Chokwe black and white mask
Detail: Wood carved and black painted Chokwe Mask
Chokwe black and white mask. The Chokwe are spread out over a wide area in the eastern Angola, southern DRC and Zambia. Their history dated back to the 15th century, when a Lunda queen married a Luba prince Chibinda Ilunga. A significant member of the Lunda aristocracy so disapproved of the marriage that they migrated south to present-day Angola. Once settled, they founded several kingdoms, each headed by a god-king. Around 1860, following a major famine, the Chokwe people migrated back and settled in Angola, at the source of the Kwangi, Kasai and Lungwe rivers. The Chokwe are governed by a king called Mwana Ngana, who distributes hunting and cultivation areas. The male Mugonge and female Ukule societies regulate their social life. They are vigorous and courageous hunters and agriculturists, who used formerly to engage in the slave trade. Their dynamic spirit is also reflected in their art.
The most powerful and important Chokwe mask is known as chikunga. Highly charged with power and considered sacred, chikunga is used during investiture ceremonies of a chief and sacrifices to the ancestors. These masks are made of barkcloth stretched over an armature of wickerwork, covered over with black resin and painted with red and white designs. Only the current chief of a group wears Chikunga. The mukanda masks play a role in male initiation. The mukanda is an initiatory institution through which religion, art, and social organization are transmitted from one generation to the next. Mukanda training lasts from one to two years. Boys between the ages of about eight and twelve are secluded in a camp in the wilderness, away from the village. There they are circumcised and spend several months in a special lodge where they are instructed in their anticipated roles as men. As part of their instruction, the boys are taught the history and traditions of the group and the secrets associated with the wearing and making of masks.
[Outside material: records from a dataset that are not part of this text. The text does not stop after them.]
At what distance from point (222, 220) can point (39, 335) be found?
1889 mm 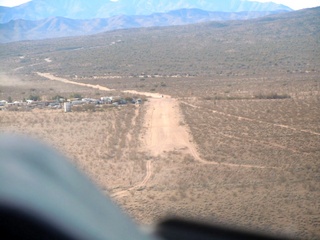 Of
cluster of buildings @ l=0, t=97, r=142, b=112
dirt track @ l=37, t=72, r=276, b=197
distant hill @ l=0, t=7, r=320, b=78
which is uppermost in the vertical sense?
distant hill @ l=0, t=7, r=320, b=78

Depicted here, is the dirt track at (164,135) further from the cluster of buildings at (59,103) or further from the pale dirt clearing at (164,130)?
the cluster of buildings at (59,103)

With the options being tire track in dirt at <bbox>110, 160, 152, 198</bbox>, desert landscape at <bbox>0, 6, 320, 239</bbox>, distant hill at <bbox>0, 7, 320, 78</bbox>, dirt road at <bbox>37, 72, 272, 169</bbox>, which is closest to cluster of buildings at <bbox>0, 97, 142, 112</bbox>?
desert landscape at <bbox>0, 6, 320, 239</bbox>

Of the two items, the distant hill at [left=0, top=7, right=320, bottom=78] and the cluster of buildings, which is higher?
the distant hill at [left=0, top=7, right=320, bottom=78]

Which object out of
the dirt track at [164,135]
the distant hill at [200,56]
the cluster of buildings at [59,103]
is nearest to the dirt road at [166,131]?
the dirt track at [164,135]

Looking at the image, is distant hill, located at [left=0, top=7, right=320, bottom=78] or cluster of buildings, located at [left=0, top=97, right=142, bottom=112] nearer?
cluster of buildings, located at [left=0, top=97, right=142, bottom=112]

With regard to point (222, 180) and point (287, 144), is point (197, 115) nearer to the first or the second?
point (287, 144)

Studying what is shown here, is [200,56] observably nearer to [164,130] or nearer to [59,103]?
[59,103]

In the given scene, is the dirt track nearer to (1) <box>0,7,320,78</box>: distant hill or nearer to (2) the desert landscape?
(2) the desert landscape

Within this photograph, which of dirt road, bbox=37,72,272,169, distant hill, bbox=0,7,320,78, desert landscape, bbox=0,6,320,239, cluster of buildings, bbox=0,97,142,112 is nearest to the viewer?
desert landscape, bbox=0,6,320,239

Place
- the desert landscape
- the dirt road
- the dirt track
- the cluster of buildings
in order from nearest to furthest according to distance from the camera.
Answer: the desert landscape
the dirt track
the dirt road
the cluster of buildings

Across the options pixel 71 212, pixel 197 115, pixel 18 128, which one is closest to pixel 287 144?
pixel 197 115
In the past some masks played important roles in religious beliefs and institutional practices, many other Chokwe masks have come to be used primarily for entertainment. Itinerant actors wearing these masks travel from village to village, living on gifts received at performances. Most masks are carved from wood. The most popular and best-known entertainment masks are chihongo, spirit of wealth, and pwo, his consort.